Read a book on the toilet instead of your Facebook feed.
Put on headphones and lipsync in your public with full face expressions.
Dance around your house to loud music in your undies.
Take a real bath.
Wash every little part of yourself.
Put on music from your teenage years and rock out. (Oh, man, can they bring back Lilith Fair?)
Make silly faces at the camera instead of posing.
Wear cute pajamas to bed.
Wake up on Saturday morning and watch vintage cartoons. (Can you find them online?)
Handwrite a love note and mail it.
Text a friend a bunch of emojis.
Schedule a dance break at the office and get your colleagues involved.
Use bright colored pens instead of black or blue.
Buy a coloring book and really color – instead of trying to be mindful.
Take a nap.
Say what you really mean. (I know, right?!)
Tell someone they’re your bestie. And mean it.
Encourage someone else to play with you.
Come up with a creative date instead of “meeting for drinks” – like music in the park, a walk by the lake/river, or a painting class.
Buy a set of legos and use them on your next lunch break.
Break your routine and try out a different kind of exercise class.
Sign up for an activity you’ve never done before.
Plan a really romantic (but fun!) evening with your significant other.
Do your hair or makeup differently. (For bald guys, try a new style of hat.)
Get your friends together and go out for a night of dancing.
Sit on a park bench with a notepad and write what comes to mind.
Join a kickball team, bocce team or hash (the drinking club with a running problem).
Smile.

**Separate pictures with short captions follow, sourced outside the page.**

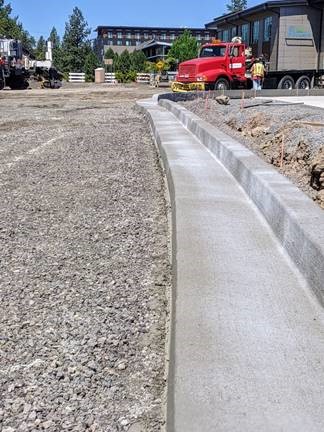 A photo of the new curb and gutter forming the perimeter of the roundabout.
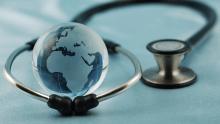 Globe wrapped in a stethoscope, representing global health.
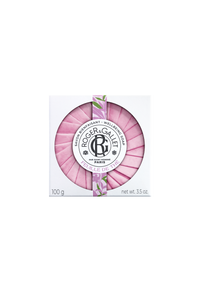 A pink, round Roger & Gallet Tea Leaf wellbeing soap labeled "roger & gallet - paris" in French, sealed with a black and white emblem, surrounded by a diagonal striped green and white border.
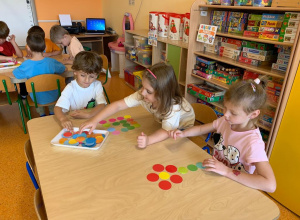 Dzieci układają obrazek z kolorowych kropek na stoliku.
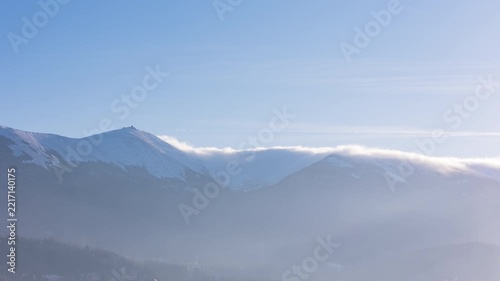 Aerial view over mountains in winter with mist and clear skies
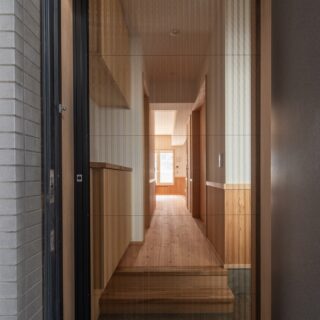 玄関の前から家を見る。玄関には網戸が入り、換気しやすい。まっすぐ視線が抜け、最奥の窓から外が見える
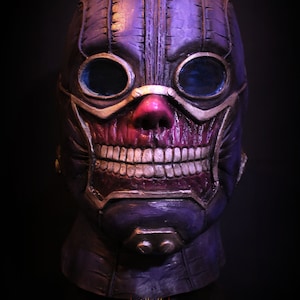 Pu&ograve; includere: Una maschera di teschio viola e oro con un design cucito e occhiali. La maschera ha un ampio sorriso pieno di denti e un naso rosso.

For no reason.
Reach out to someone you haven’t talked to in awhile.
Listen. JUST LISTEN to someone share. Ask them lots of questions but don’t butt in.
Put your phone & headphones away on your commute.
Strike up a conversation with a stranger.
Play – whatever that means to you.
Put on a tutu. (Did I already say that?!)
Let’s do this together. We can put our phones down, have a real conversation with another human being, truly listen to what is going on around us, and find out what we really like to do. Decide it’s going to be a beautiful day and then manifest that by showing up and playing. None of us REALLY wanted to grow up anyway.